The band, described by Murray Hill as a tiki lounge band, will play a variety of music, from classic blues to Bon Jovi to Neil Diamond.

“I sing ‘Love on the Rocks’ as part of a Neil Diamond ballad,” says Hill. “It has a fresh quality to it because it’s all new numbers.” Hill says that audience participation makes each show unique and the audiences also enjoy his impersonations of celebrities and improvisations, as they get to guess who he is portraying.

“Angie and I both do an old school, retro-show business, fully contained nightclub act,” Hill explains. “It’s not lewd. It’s classy entertainment.”

Pontani says she is inspired by old classic Vegas shows and is sometimes able to incorporate their themes into her current shows. She is currently working on a number where a gigantic oyster shell opens on the stage and she pops out like a pearl, wearing a 5,000 rhinestone covered costume, wowing the audience with her glamour.

“Burlesque is a form of female glamour,” says Pontani. “It’s satire, group can-cans and a parody of the times. It’s not just a sole strip tease, it’s production numbers, anything funny, light-hearted and tasteful.”

In years past, from 1840 to the 1960’s, burlesque was focused on music and humor, and strived for audience laughter. In the 19th Century, the word “burlesque” referred to comic plays, including non-musicals. In the 1840s, the lower and middle classes were entertained with these satires, which poked fun at upper class operas, theatre and the elite. “Burlesquing” meant ridiculing, laughing at established ways of society. They relied more on talented stars than on polished scripts.

From the 1880s to present day, comedies and skits were written featuring situations of the lower to middle working class and included suggestive innuendo, or linguistic idiosyncrasies. “Who’s On First,” by Bud Abbott and Lou Costello, is the most famous burlesque skit, wherein the pair humorously confuse baseball names and terms.

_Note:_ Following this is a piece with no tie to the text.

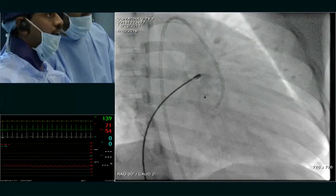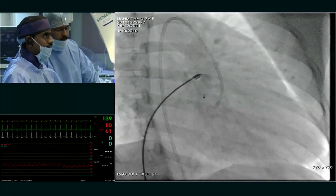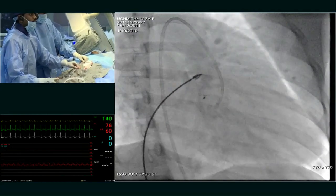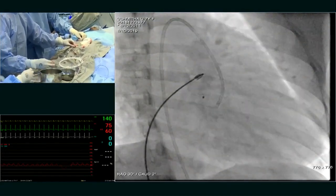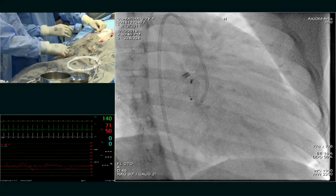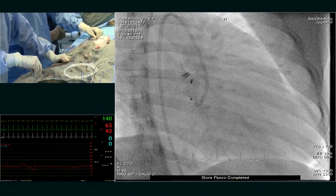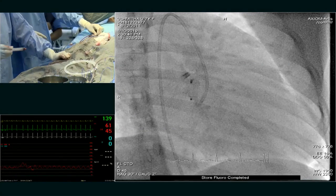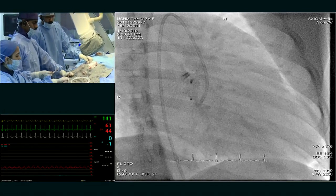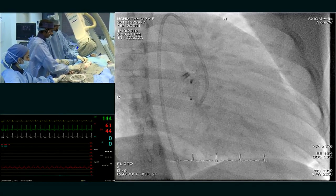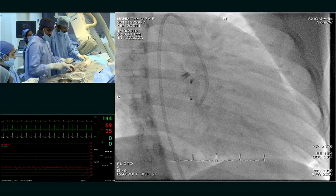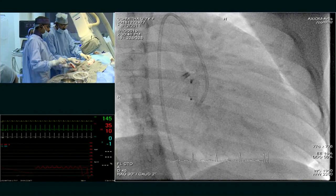I am using artery forceps. The screw came out. I have released it now. Can I get some more contrast? That is the exit point. The exit point will be closed with an ADO — a Lifetech PDA device. I will show now.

Now, the Pontani’s “This is Burlesque” and the performing sisters are achieving their own fame and are well known in New York. Pontani says that she and her sisters grew up dancing on Coney Island and watching Frank Sinatra and Dean Martin.

“Our family was not a show business family growing up, but an eccentric family,” she shares.  “Our parents were very stylish in the 1940s and 50s style. It’s natural for us to perform in that style.”